In collaboration with activists from Planet Syria, a network of Syria’s leading civil society groups, we staged a tableau outside the talks in which people wearing masks of Russian Foreign Minister Sergei Lavrov, then-US President Barack Obama, Syrian President Bashar al-Assad, Russian President Vladimir Putin, and then-UN Secretary-General Ban Ki-moon made siege soup. This refers to the food starving people under siege were forced to eat—essentially water with whatever they could find to add to it, sometimes just grass and leaves. We also made a Facebook event to help promote the action that 82 people clicked “attending” to.
We had permission to stage the stunt but it was still last minute. Despite this, it received a lot of media coverage, including in ABC News, Al Arabiya, Agence France Presse, the Guardian, the LA Times, the Middle East Eye, Newsweek, the New York Times, and The Wall Street Journal. It also made the front page of the Daily Star Lebanon, the Middle East’s leading English-language daily. One likely reason for this was that the talks were held behind closed doors and so journalists were desperate for something to report on. Another is that the stunt, especially the use of oversized masks, was very photographable.

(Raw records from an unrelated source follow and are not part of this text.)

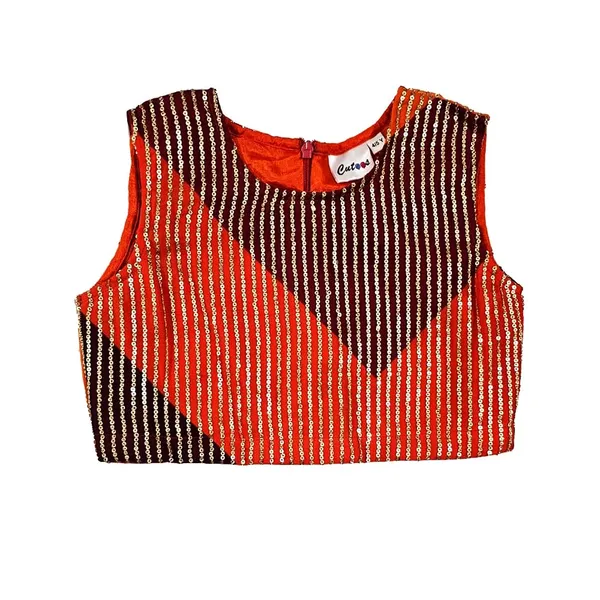 Orange_Premium_Sequence_Lehenga_Choli_For_Kids
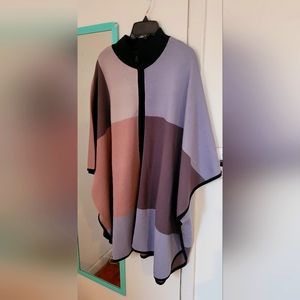 Anne Klein | Color block Poncho with full zipper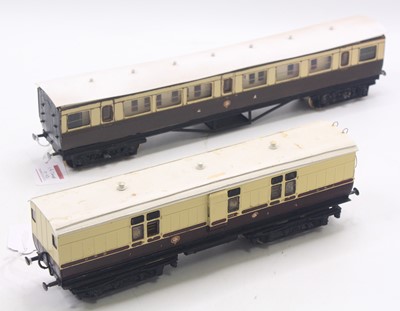 Lot 182 - Two 0 gauge kit built GWR coaches to include a...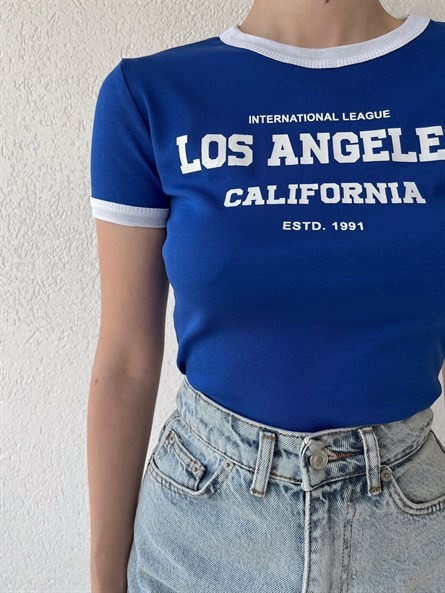 Los Angeles Bisiklet Yaka Crop Lacivert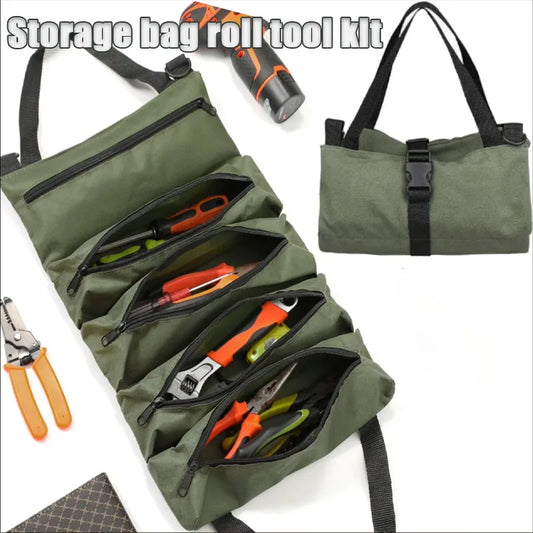 Roll-Up Multi-Pocket Tool Bag Organizer | Oxford Cloth Pouch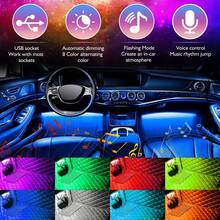 YAIUZGOO RGB Car Interior LED Light Strip With Remote Control, Music Sync Function, Multi-Color Atmosphere Lights, Suitable For Car, SUV And Truck Decoration, Plug And Play - A - View 2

The event was also tweeted about by prominent figures including the BBC’s Lyse Doucet, the New York Times’ Somini Sengupta, and Amnesty’s Kristyan Benedict. Photos were also shared by the UK government and the Syrian opposition coalition at the United Nations.
What we learnt
Effective campaigns don’t always take months of planning, the focus is on making them engaging and ensuring they reach a receptive audience.